Tout d’abord, qu’est-ce qu’une information complète et exacte sur les rétrocessions attendues ? Le TF a érigé cette information en une des deux conditions préalables et cumulatives à la validité d’une renonciation du client à la restitution des rétrocessions (l’autre condition étant la volonté clairement exprimée du client de renoncer à la restitution). Le TF n’en a pas précisé l’étendue. Il s’est limité à souligner que l’objectif de l’information était de permettre au client d’estimer le montant des rétrocessions. Dans cette perspective, la seule connaissance de l’existence de rétrocessions, du montant de la fortune gérée et des honoraires de gestion était insuffisante. Pour le TF, le montant des rétrocessions dépendait au moins de deux autres facteurs complémentaires : le nombre d’opérations et les bases de calcul de la part rétrocédée par la banque dépositaire au gérant indépendant. Retenant l’objectif visé par l’information, le Handelsgericht du Zurich a considéré que le client qui, avant de signer le contrat d’octobre 2003, avait reçu un courrier de son gérant lui indiquant que, pour la période de janvier 2001 à juin 2003, il avait perçu CHF 8645,50.- de rétrocessions, pouvait, en mettant ces chiffres en relation avec la valeur de son dépôt, procéder à une estimation suffisamment précise pour renoncer valablement aux rétrocessions futures. Le Handelsgericht de Zurich a donc jugé qu’une information complète et exacte pouvait consister en un résultat (montant des rétrocessions effectivement perçues dans le passé), et non seulement en des bases de calcul, comme l’avait suggéré le TF, suivi en cela par le projet de circulaire de la CFB « Règles-cadres pour la reconnaissance de l’autoréglementation en matière de gestion de fortune comme standard minimal ». On lit en effet au ch. 30 de ce projet : « Le gérant de fortune informe ses clients des paramètres de calcul et des fourchettes de valeurs des prestations de tiers pour chaque catégorie de produit. »

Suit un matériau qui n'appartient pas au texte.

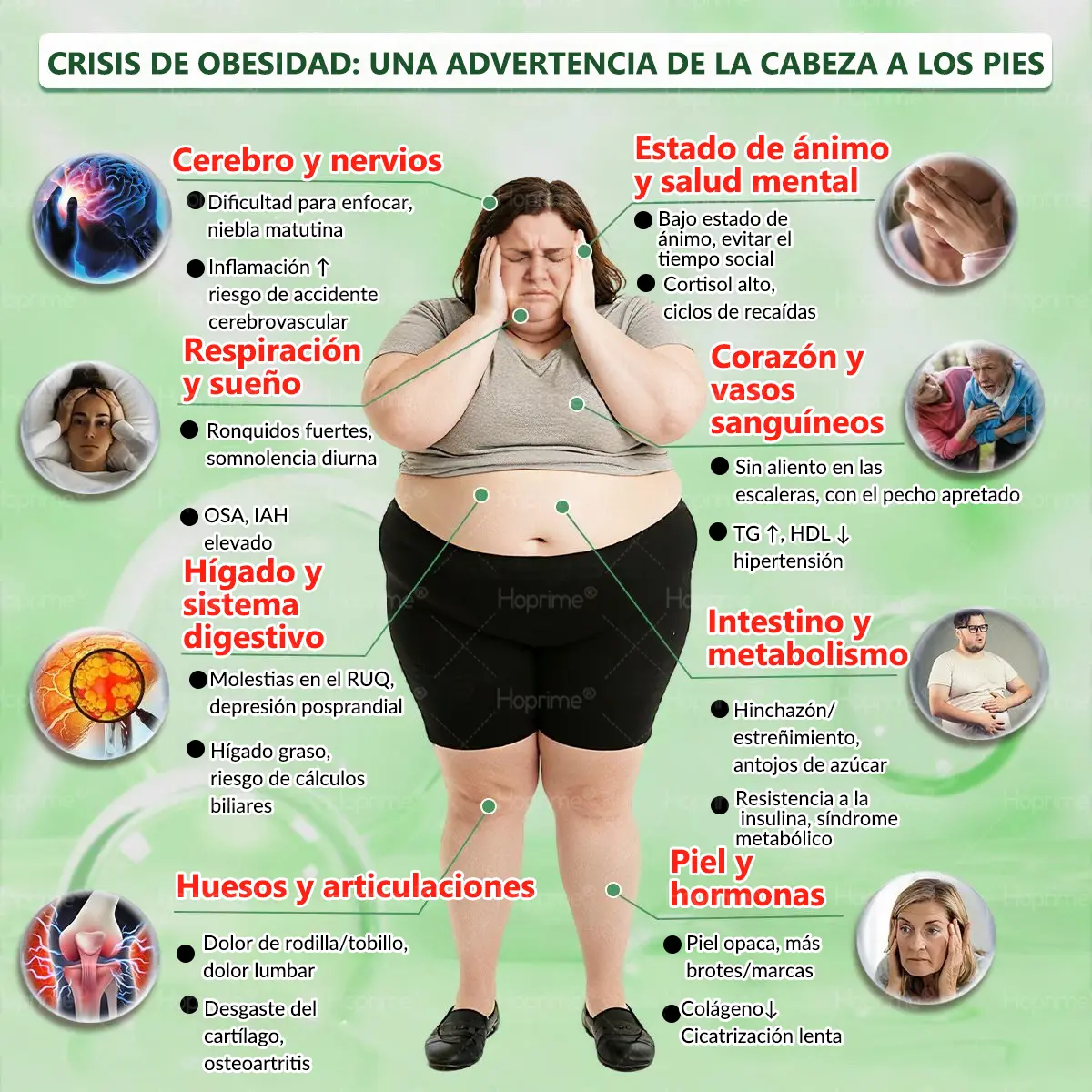 ๐บ๐ธ๐ถ๐๐๐๐๐๐๐ ๐บ๐๐๐๐ | ๐ด๐๐๐๐๐๐ฎ ยท ๐๐ฒ๐ฟ๐ฏ๐ฒ๐ฟ๐๐ฃ๐ ร ๐๐ผ๐+ ๐๐-๐ข๐ง-๐ ๐๐ฑ๐๐ฎ๐ป๐ฐ๐๐ ๐๐๐ฃ๐ค ๐๐๐๐ง๐ค๐ฃ๐๐๐๐ฅ๐ ๐๐๐ญ๐๐ - Image 6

Si l’on suit la décision zurichoise, on pourrait imaginer que les gérants présentent aux clients des tableaux de montants annuels moyens de rétrocessions, variant en fonction de la masse sous gestion et probablement du profil choisi, à l’instar des performances historiques des différentes politiques de placement montrées au client, pour lui donner une idée des revenus qu’il peut attendre du profil qu’il s’apprête à choisir.
Deuxième question : à quoi le client peut-il valablement renoncer ? L’ATF de mars 2006 traitait de la renonciation à la restitution (Ablieferung) des rétrocessions. Le Handelsgericht de Zurich a eu, du fait du libellé contractuel, à se prononcer sur la renonciation à la reddition de comptes, à l’information (Rechenschaft) sur les rétrocessions. En bonne logique, les juges zurichois ont conclu que la renonciation à la reddition de compte sur les rétrocessions et la renonciation à la restitution desdites rétrocessions, s’excluaient réciproquement au vu des conditions posées par le TF à la validité de la seconde. Cette conclusion ouvre une autre question : si le client renonce valablement à la restitution des rétrocessions, doit-il néanmoins être informé périodiquement du montant effectif de celles-ci ? Le projet de circulaire de la CFB donne une première réponse : « A la demande de ses clients et dans la mesure où elles peuvent être réparties individuellement avec des efforts raisonnables, le gérant de fortune rend en outre compte de l’importance des prestations déjà reçues de tiers (par exemple les rétrocessions sur les courtages ou les frais de dépôt). » (ch. 31).
Une certitude demeure, le débat sur les rétrocessions n’est pas clos.